Ironic that people making the food tell you what the fish need, and then it just happens to be in the product they sell.
 
coeus;3383651; said:
O.o

i feel like someone explained the essential amino acids to you wrong, they are the amino acids OUR bodies cannot synthesize, these may be different in different organisms and i doubt their have been studies about this on fresh water rays

its still probably pretty nutritional, just thought that term should be used correctly, 3 years of high school biology taught me the vocab pretty good :P

Essential amino acid requirements are pretty consistent for all vertebrates. The biochemistry that limits our ability to synthesize certain amino acids is highly conserved evolutionarily.

I don't know know of studies specifically looking at rays but a number of studies have examined the amino acid requirements of various fish species since the 1950s (if you want to look them up John Halver was one of the main guys who did a lot of the work).

According to my old marine bio textbook the essential requirements for chinook salmon (based on Halver's initial test diet) are: arginine, histidine, isoleucine, leucine, lysine, methionine, phenylalanine, threonine, tryptophan and valine.
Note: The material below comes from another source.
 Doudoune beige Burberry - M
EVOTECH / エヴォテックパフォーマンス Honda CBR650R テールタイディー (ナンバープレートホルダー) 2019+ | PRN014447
Quantitative requirements vary slightly from species to species (eg. salmon need more arginine and catfish need less threonine).
 
omojena;3387877; said:
i have a list of all ten and their ratios but it is proprietary information that was researched by the scientists at hikari and i am not at liberty to discuss this.
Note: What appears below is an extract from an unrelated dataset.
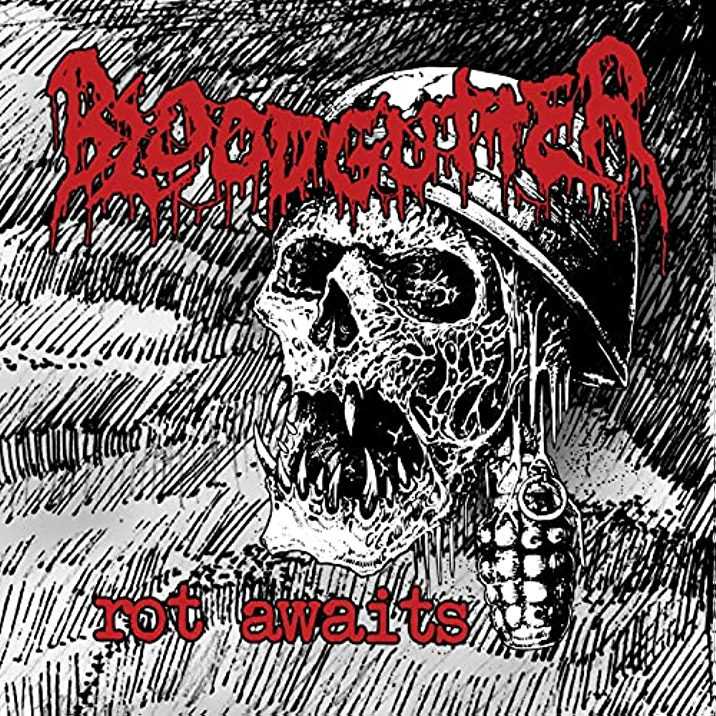 BLOODGUTTER - Rot Awaits cover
Is Hikari claiming proprietary information for rays specifically or just fish in general? If the latter that seems a little odd given that a lot of this stuff was published decades ago.

For those of you with access to a library you can check out this reference for a comprehensive review of the required amino acids:

Wilson RP, Halver JE. Protein and amino acide requirements of fishes. Ann. Rev. Nutr. 1986. 6:225-44

They show the required amounts of all the amino acids as a % of total diet and a % total protein. They review chinook and coho salmon, carp, japanese eel, channel cats, lake trout, rainbow trout, bream and tilapia. Not really aquarium fish but the requirements are pretty similar across the board which would suggest that they should also be similar for most aquarium fish.
 
some are species specific, IE koi diets. but none were done on jsut stingrays....


the_deeb;3389875; said:
Is Hikari claiming proprietary information for rays specifically or just fish in general? If the latter that seems a little odd given that a lot of this stuff was published decades ago.
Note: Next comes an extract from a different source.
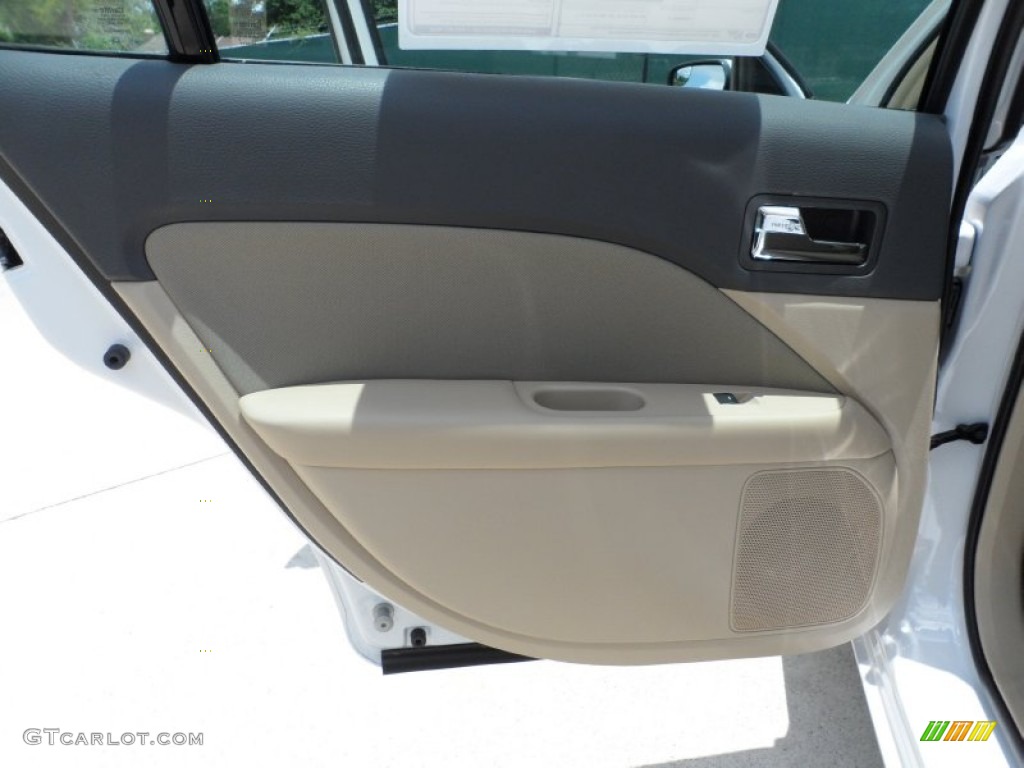 2012 Ford Fusion SE Camel Door Panel Photo #51689710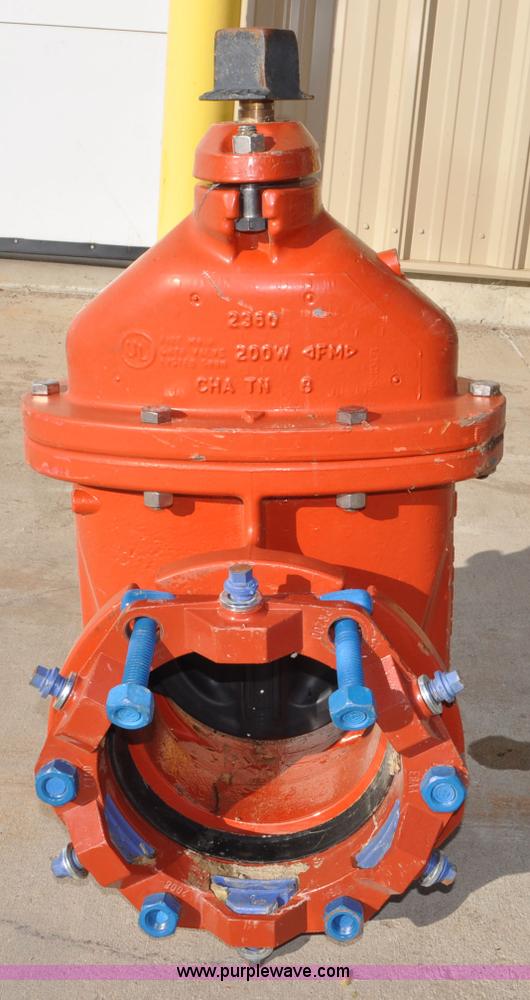 image for item F2164 (9) Mueller 2360 fire main gate valves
For those of you with access to a library you can check out this reference for a comprehensive review of the required amino acids:

Wilson RP, Halver JE. Protein and amino acide requirements of fishes. Ann. Rev. Nutr. 1986. 6:225-44

They show the required amounts of all the amino acids as a % of total diet and a % total protein. They review chinook and coho salmon, carp, japanese eel, channel cats, lake trout, rainbow trout, bream and tilapia. Not really aquarium fish but the requirements are pretty similar across the board which would suggest that they should also be similar for most aquarium fish.
 
I feed squid to my rays on occasion.